Suppose we observed a set of offline data \(\{ (s_i, a_i, r_i, s_i') \}_{i=1}^n\)1, where \(s_i, s_i' \in \cS\), \(a_i \in \cA\), and \(r_i \in \mathbb{R}\). The goal is to estimate the optimal Q-function, which we know should satisfy the Bellman optimality equation:
\[ Q^\ast(s, a) = r(s, a) + \gamma \E_{s'} \big[ \max_{a'} Q^\ast(s', a') \big] \]
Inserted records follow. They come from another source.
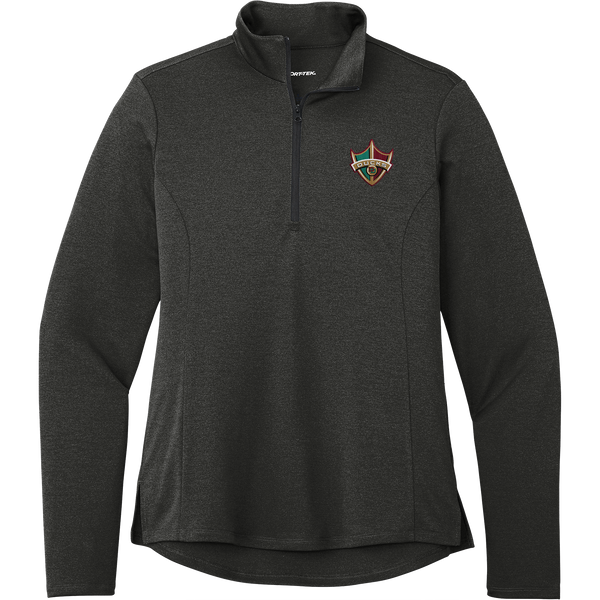 Delaware Ducks Ladies Endeavor 1/2-Zip Pullover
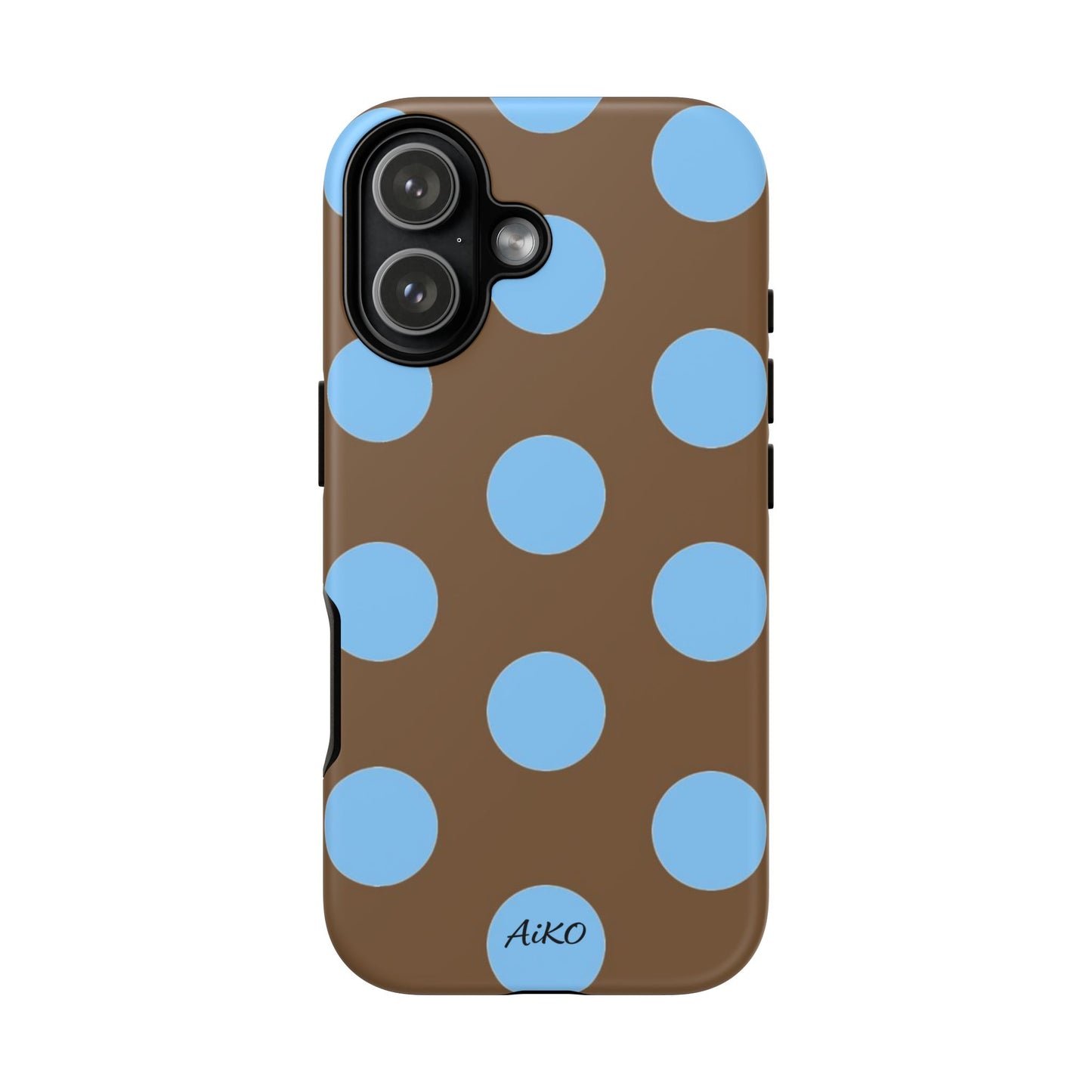 Polka Dots (Blue & Brown)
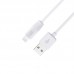 USB Cable Hoco X1 Rapid Lightning 2.1A White 1m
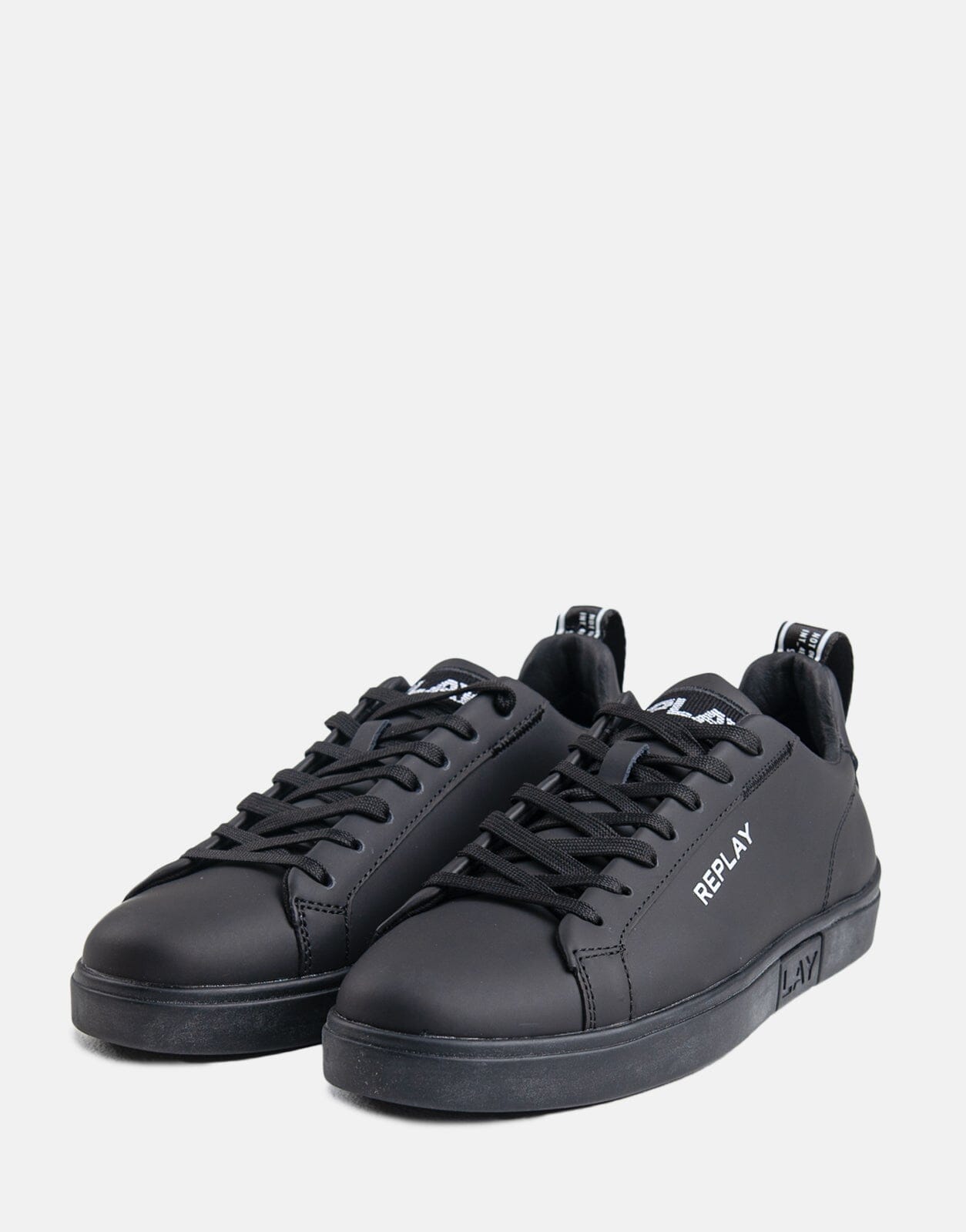 Replay Polys Logo Black Sneakers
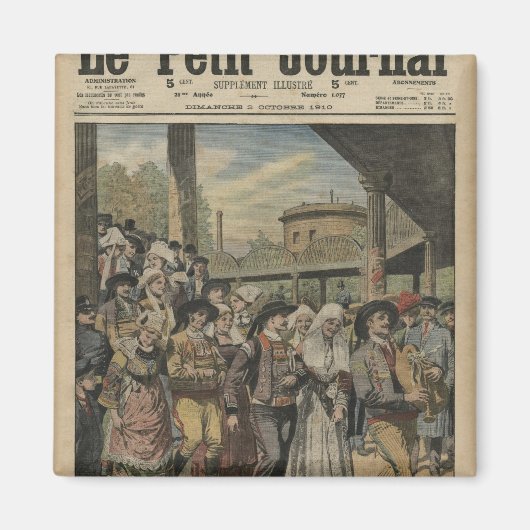 Een Breton bruiloft in Parijs Magneet (Voorkant)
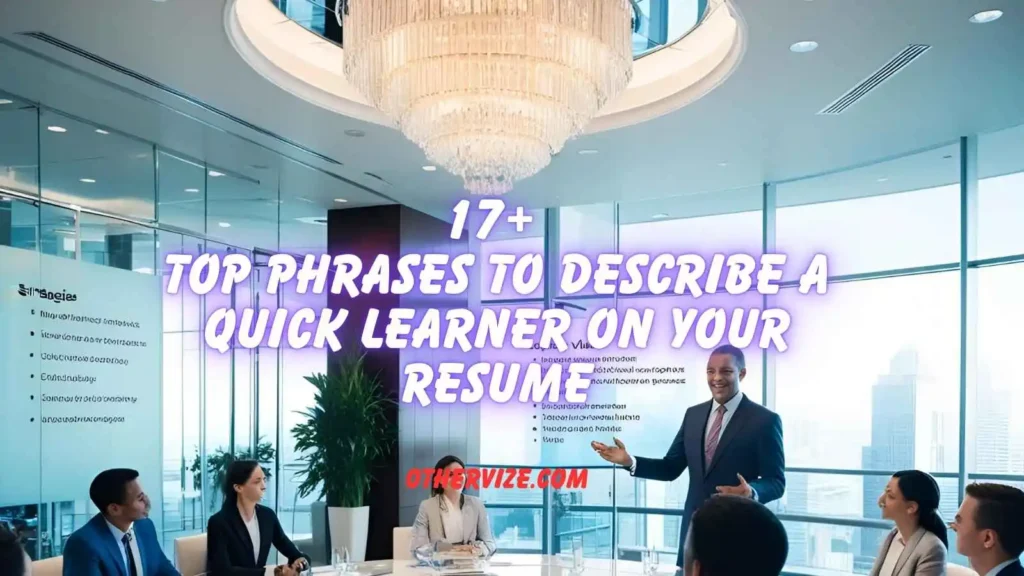other ways to say quick learner on a resume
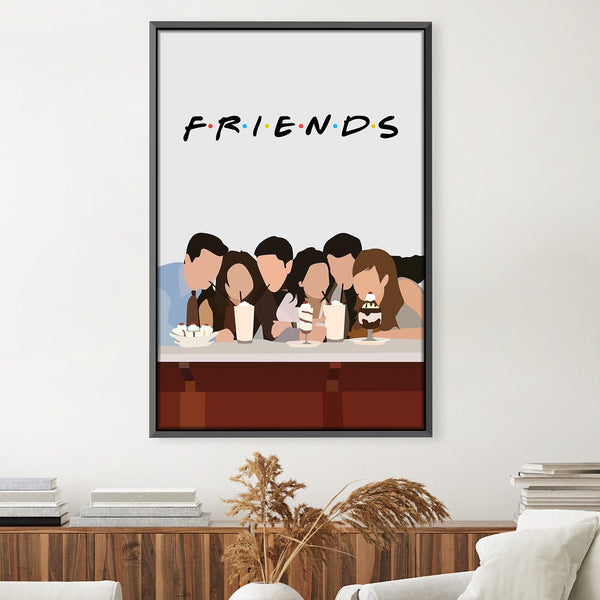 Friends Canvas Art Clock Canvas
Suppose we have some estimates of the Q function, say \(\hat Q\), then a one-sample realization of the right hand side of the Bellman optimality equation, conditioning on the “covariates” \((s, a)\) is
\[ r + \gamma \max_{a'} \hat Q(s', a') \]
where \(s'\) is the next state after taking action \(a\) at state \(s\). We can then use this one-sample realization as outcomes to fit a regression model and learn its expectation, which is just \(Q^\ast(s, a)\). This is the idea of the fitted Q-iteration (FQI). To be precise, the algorithm is as follows:
To illustrate the idea of FQI, let’s consider a simulation example that mimic the cartpole problem. The cartpole problem is a classic control problem in reinforcement learning, where the goal is to balance a pole on a cart. Our design of the study has two states, where the first state mimics the location of a stick, and the second state mimics the velocity of the stick. The action space has two actions, where action 1 is to push the stick to the right, and action 2 is to push the stick to the left. The reward is defined as how close the stick is to 0.5.
set.seed(546) # for reproducibility
# Number of samples
n <- 2001
# Initialize matrices for states and next states
states <- matrix(NA, n, 2)
next_states <- matrix(NA, n, 2)
actions <- integer(n)
rewards <- numeric(n)
# Define the transition dynamics as a function, with some noise
transition <- function(s, a) {
s1_next = s[1] + 0.1*s[2] + 0.1 * (a == 1) - 0.1 * (a == 2) + rnorm(1, sd = 0.05)
s2_next = 0.9*s[2] - 0.4*s[1] + 0.05 * (a == 1) - 0.05 * (a == 2) + rnorm(1, sd = 0.05)
return(c(s1_next, s2_next))
}
# Define the reward function, using state at next time point
reward <- function(s) {
r <- -(s[1] - 0.5)^2
return(r)
}
# Initial state (can be randomized or set to a specific value)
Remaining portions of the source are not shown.